本記事では、ITベンダーの主な役割や種類を解説します。また、依頼するメリット・デメリットも解説するので、自社に適しているかどうかの判断に役立ててみてください。

ITベンダーとは|自社製品・サービスを提供する企業

ITベンダーとは、ITにかかわる製品・サービスを提供する企業の総称です。親会社のパッケージ製品を提供したり、自社でIT製品の製造・開発に取り組んだりしています。

ITベンダーとSIerの違い

ITベンダーとSIerには、主に以下の違いがあります。

  • ITベンダー:市場で実績のある標準化された製品やサービスの導入・運用をサポートする
  • SIer:顧客の要望に応じてインフラ構築・システム開発を行い、個別要件に対応する

たとえば、市場で広く使われているソフトウェアを導入したい場合は、ITベンダーが提供する製品を選ぶのが一般的です。一方でSIerに依頼するケースは、自社の業務フローにあわせてカスタマイズされたシステムを構築・開発したいときが挙げられます。

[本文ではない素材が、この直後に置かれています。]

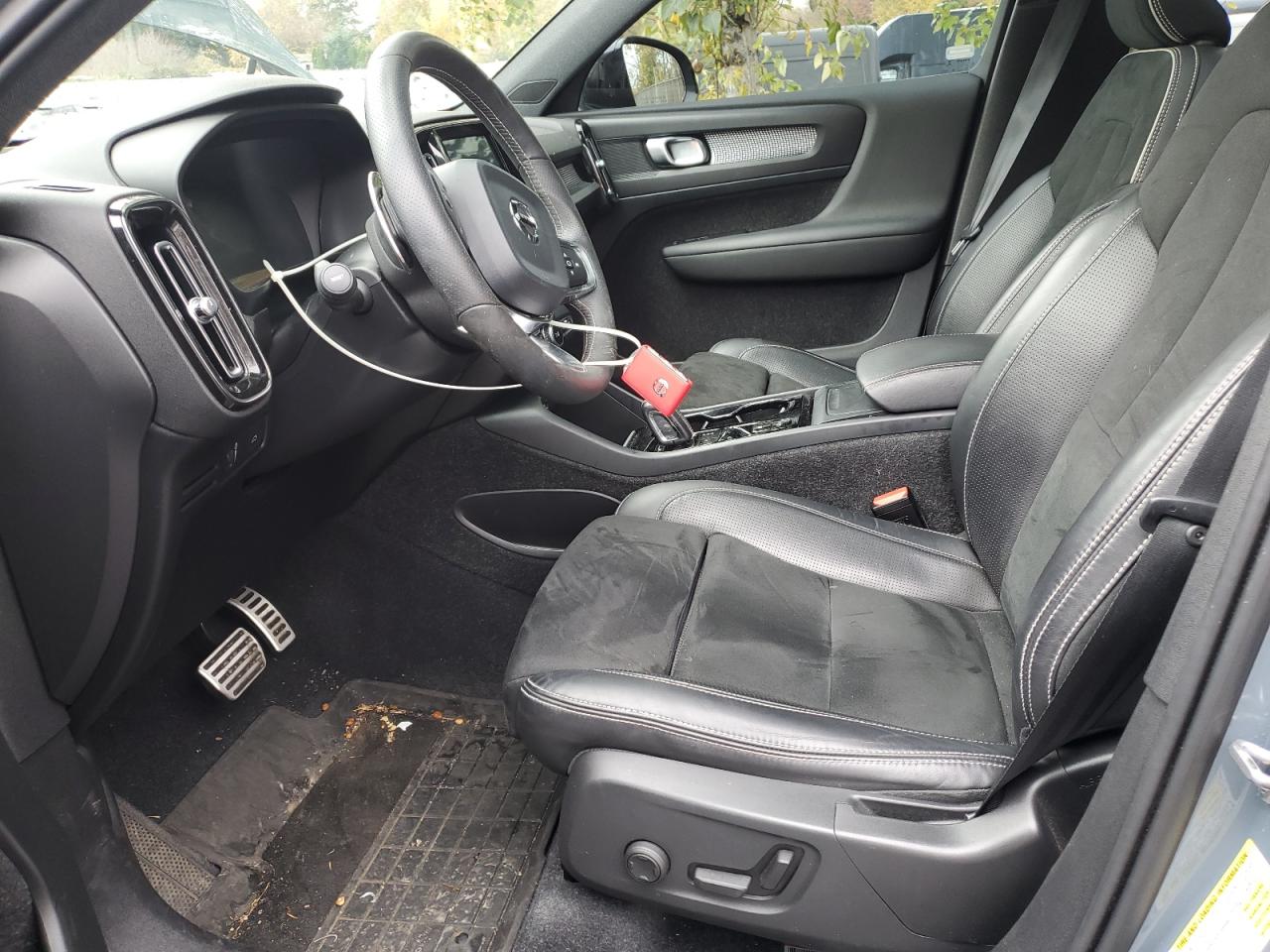 Volvo XC40 T5 R-design Image 10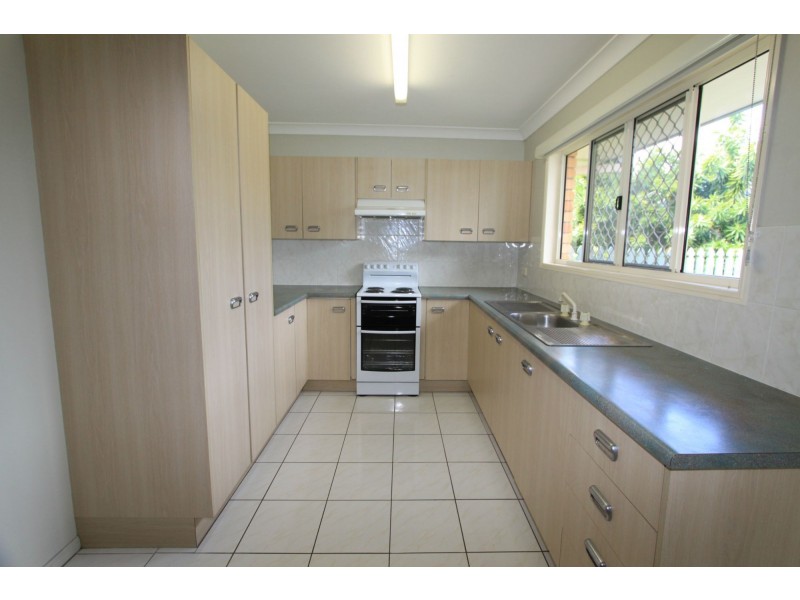 9 Kawana Close, Kawana QLD 4701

以下の関連記事では、ITベンダーとSIerの違いを詳しく解説しています。委託先選びの判断基準として、ぜひ参考にしてみてください。

関連記事:SIerとベンダーの違いとは?委託先選びに失敗しない判断基準を解説

代表的な大手ITベンダー企業

▲出典:国内ITサービス市場 主要ベンダーサービスセグメント別売上額、2024年|IDC Japan 株式会社国内のITサービス市場には、長い歴史と豊富な実績をもつ大手ITベンダーが数多く存在します。IDC Japanが公表したデータによると、2024年の国内ITサービス市場におけるベンダー売上額の上位には以下の企業が名を連ねています。

  1. 富士通株式会社
  2. 株式会社日立製作所
  3. 日本電気株式会社(NEC)
  4. 株式会社NTTデータ
  5. 日本IBM株式会社
  6. アクセンチュア株式会社

とくに大手ITベンダーは、さまざまな業界・業種の課題解決を支援してきた実績が豊富です。ITインフラを支えるサーバー機器やネットワーク機器はもちろん、インフラの構築から運用・保守にいたるまで幅広いサービスを展開しています。

(関連用語)サプライヤーとメーカー

製品やサービスが利用者の手元に届くまでの流れ

製品やサービスが利用者の手元に届くまでには、役割が異なる複数の企業がかかわっています。ITベンダーの役割をより深く理解するため、サプライヤーとメーカーの関係性も把握しておきましょう。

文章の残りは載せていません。